- _REQUIREMENT_:
Write out, word for word and with no pictures, each line below from the one containing "PUERTO VALLARTA 2023-11.jpg" through the one containing "Detachable Design Easier to Clean", both included, and no other line.

- _SUPPLIED MATERIAL_:
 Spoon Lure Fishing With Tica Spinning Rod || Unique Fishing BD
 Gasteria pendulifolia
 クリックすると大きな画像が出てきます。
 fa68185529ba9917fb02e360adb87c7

--

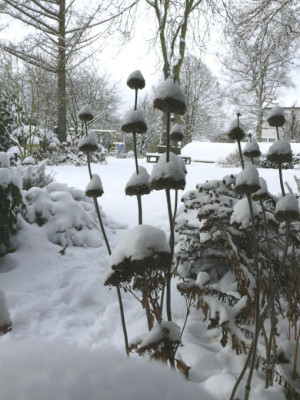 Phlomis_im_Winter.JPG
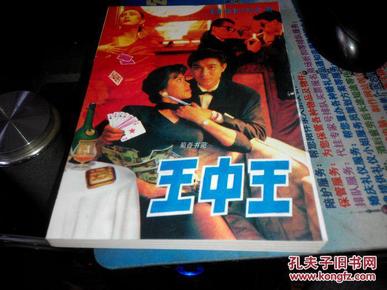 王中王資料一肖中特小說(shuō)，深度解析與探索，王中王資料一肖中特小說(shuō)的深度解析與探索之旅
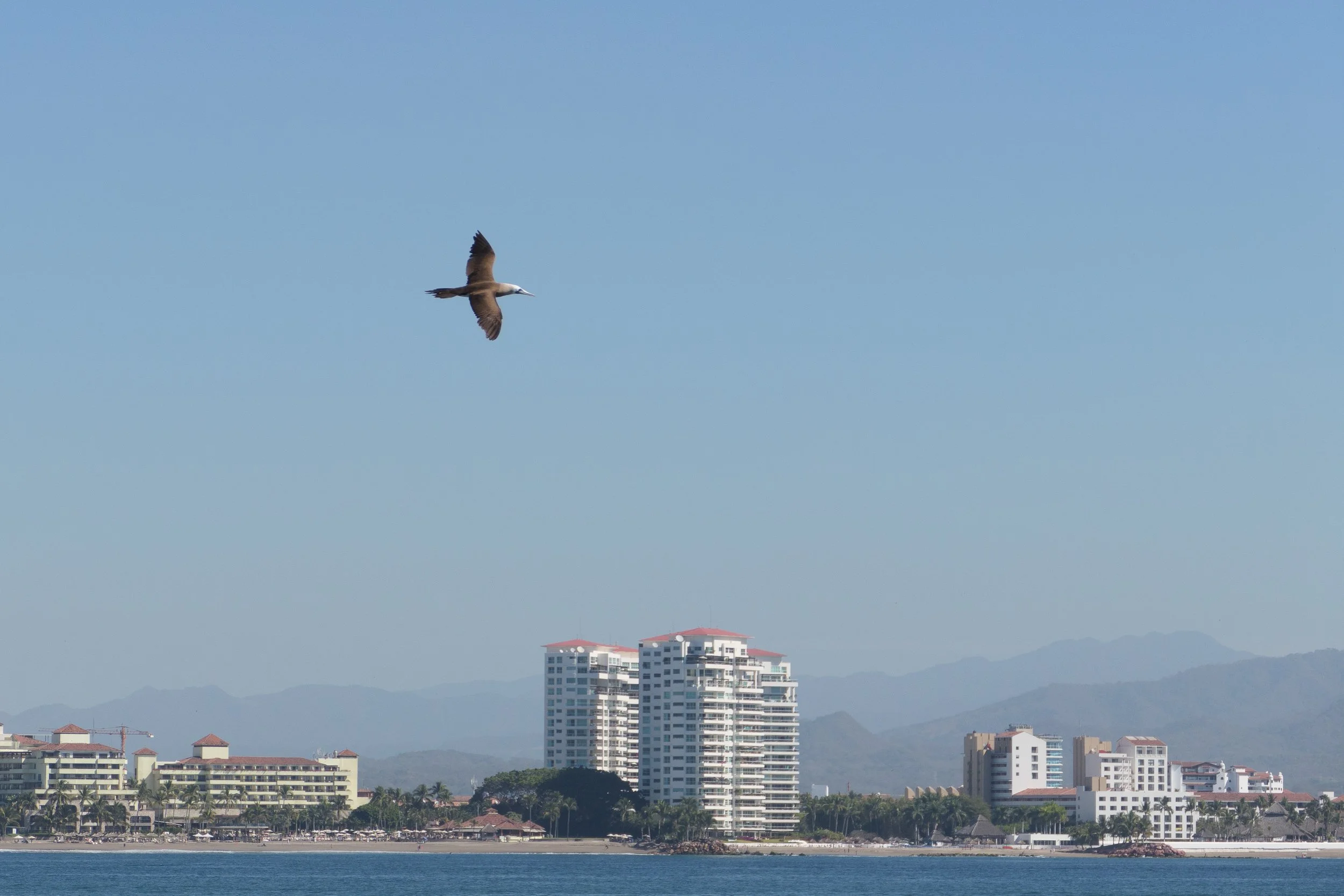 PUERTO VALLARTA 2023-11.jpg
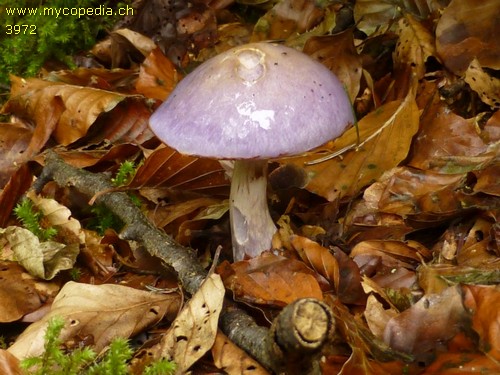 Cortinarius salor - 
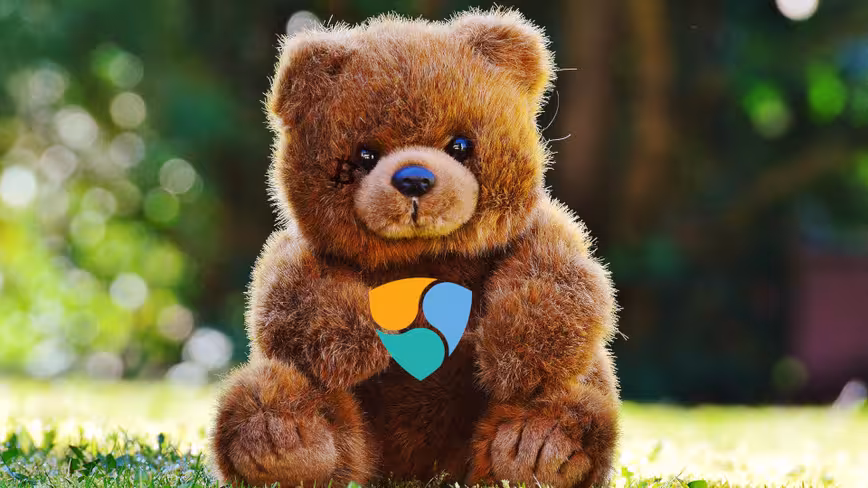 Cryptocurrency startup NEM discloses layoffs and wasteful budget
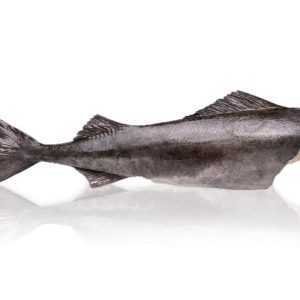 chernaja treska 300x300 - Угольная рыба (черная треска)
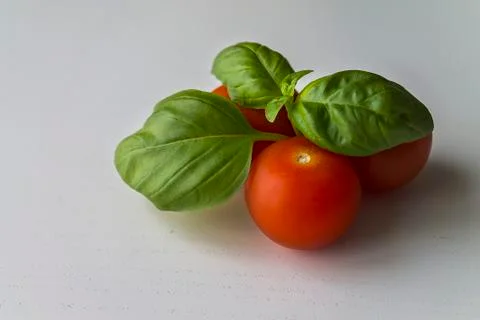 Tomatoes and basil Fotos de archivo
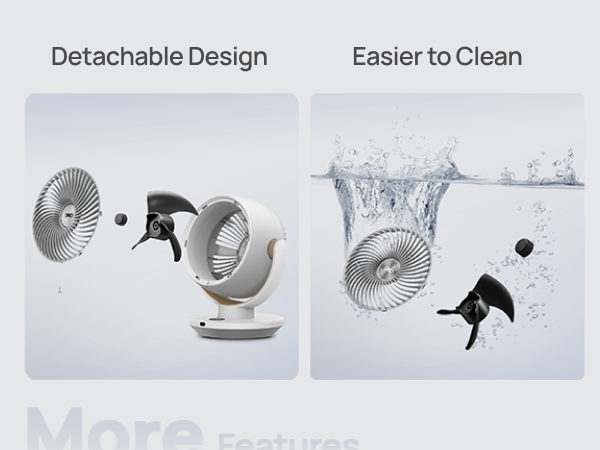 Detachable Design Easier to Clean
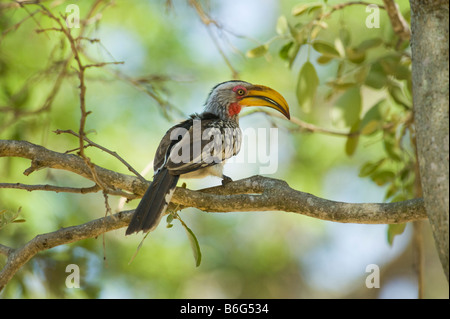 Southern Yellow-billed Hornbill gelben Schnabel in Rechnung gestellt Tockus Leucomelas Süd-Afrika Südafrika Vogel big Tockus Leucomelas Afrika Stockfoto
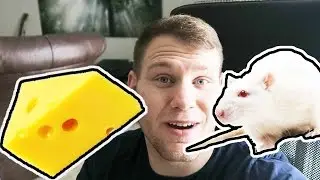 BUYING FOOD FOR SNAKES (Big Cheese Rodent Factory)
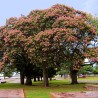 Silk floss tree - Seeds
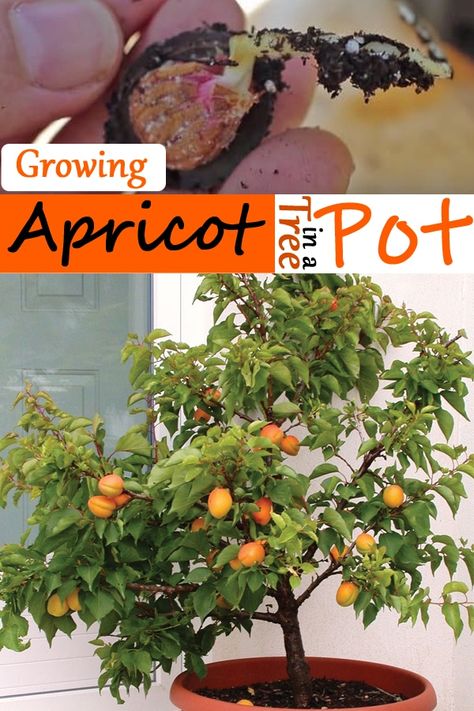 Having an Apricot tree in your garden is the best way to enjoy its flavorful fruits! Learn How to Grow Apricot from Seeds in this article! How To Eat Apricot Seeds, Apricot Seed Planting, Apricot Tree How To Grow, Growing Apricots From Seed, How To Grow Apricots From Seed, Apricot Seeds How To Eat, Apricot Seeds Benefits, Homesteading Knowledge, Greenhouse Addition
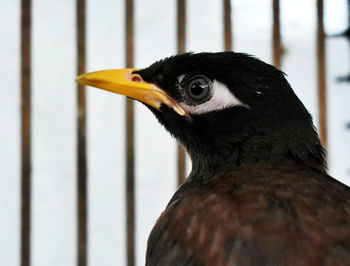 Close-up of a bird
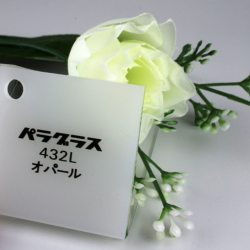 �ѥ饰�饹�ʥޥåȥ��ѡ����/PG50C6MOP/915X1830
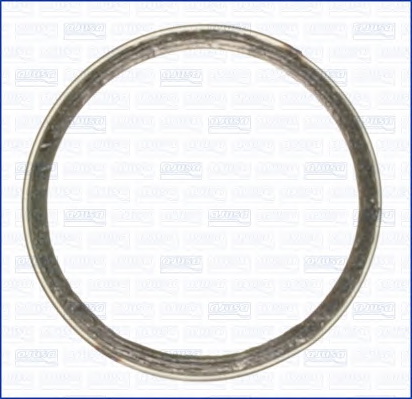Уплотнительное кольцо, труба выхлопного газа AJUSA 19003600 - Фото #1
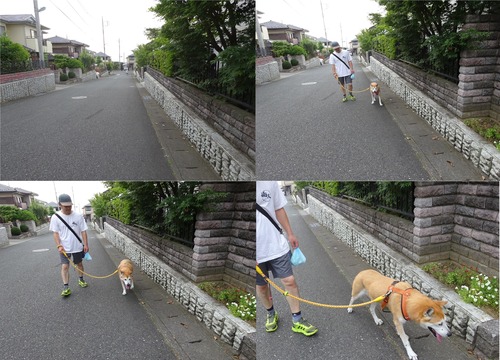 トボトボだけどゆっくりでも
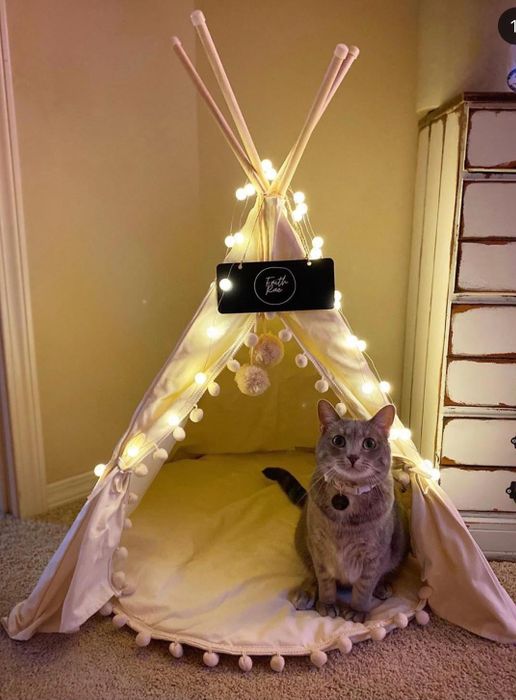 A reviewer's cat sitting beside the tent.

...

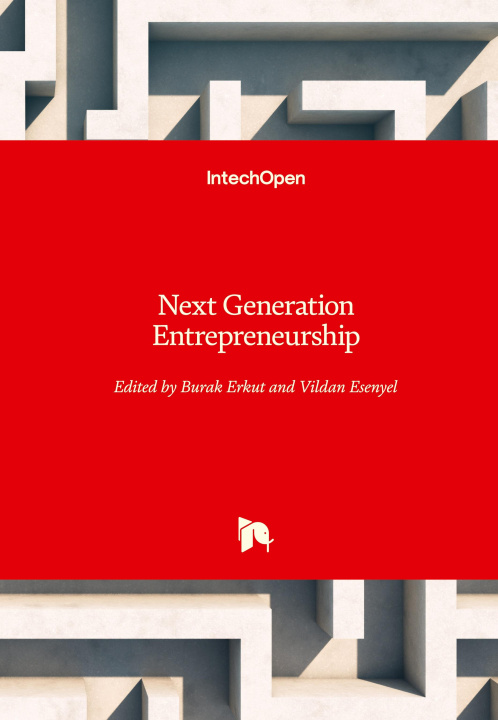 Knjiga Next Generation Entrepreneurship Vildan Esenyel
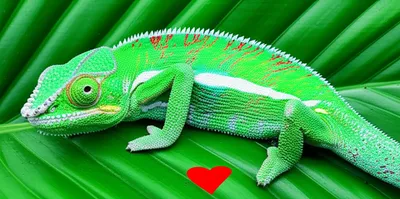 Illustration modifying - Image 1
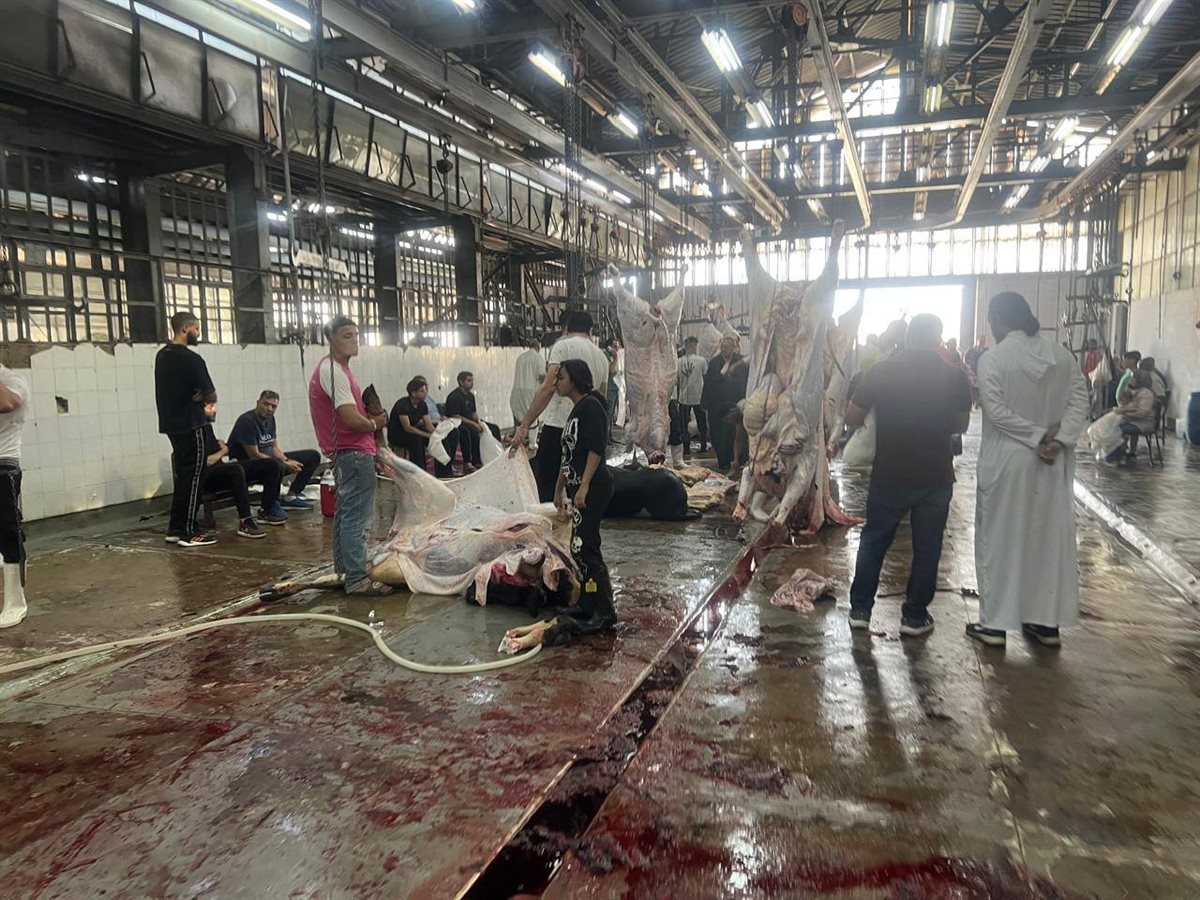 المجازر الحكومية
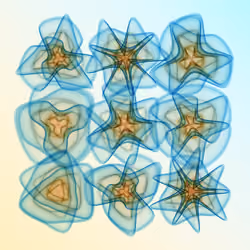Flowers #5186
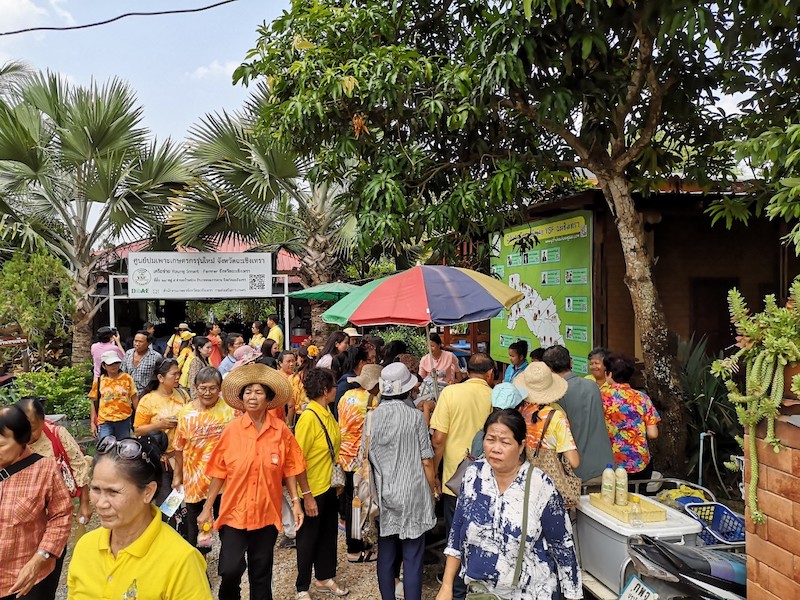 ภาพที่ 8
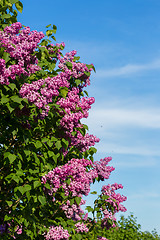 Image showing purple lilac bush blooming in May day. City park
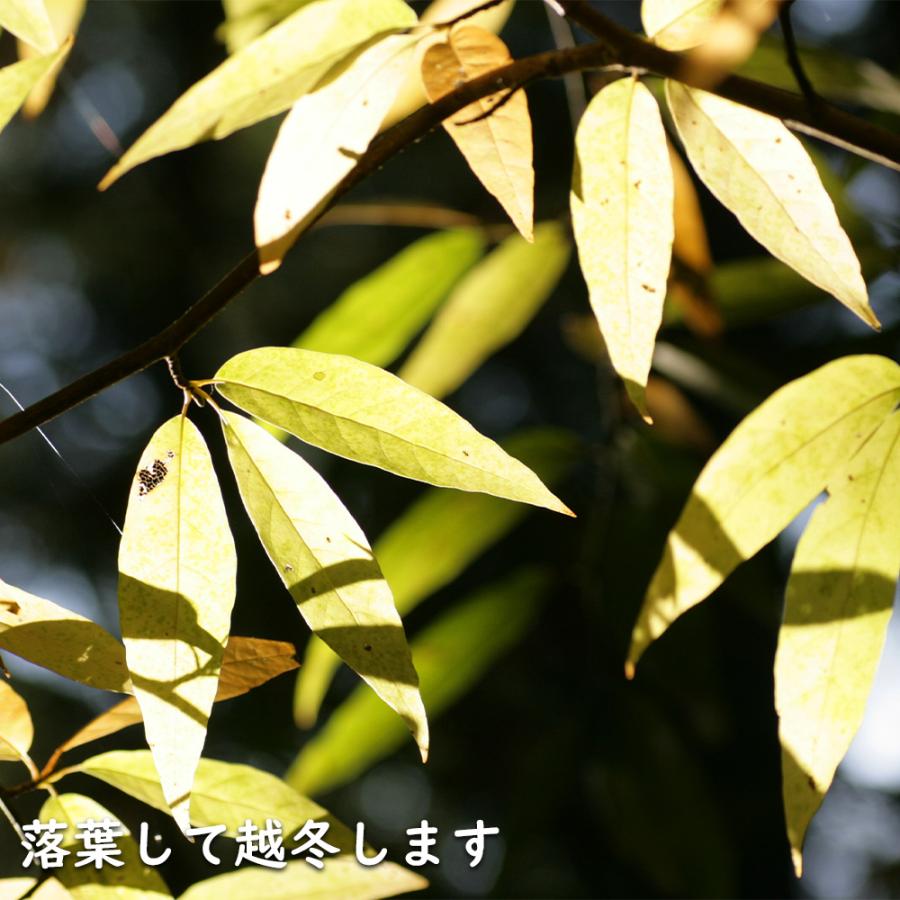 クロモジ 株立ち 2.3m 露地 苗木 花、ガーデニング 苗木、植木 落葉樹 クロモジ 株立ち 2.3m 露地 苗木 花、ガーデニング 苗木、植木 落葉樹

- _RESULT OF THE TASK_:
 PUERTO VALLARTA 2023-11.jpg
 Cortinarius salor - 
 Cryptocurrency startup NEM discloses layoffs and wasteful budget
 chernaja treska 300x300 - Угольная рыба (черная треска)
 Tomatoes and basil Fotos de archivo
 Detachable Design Easier to Clean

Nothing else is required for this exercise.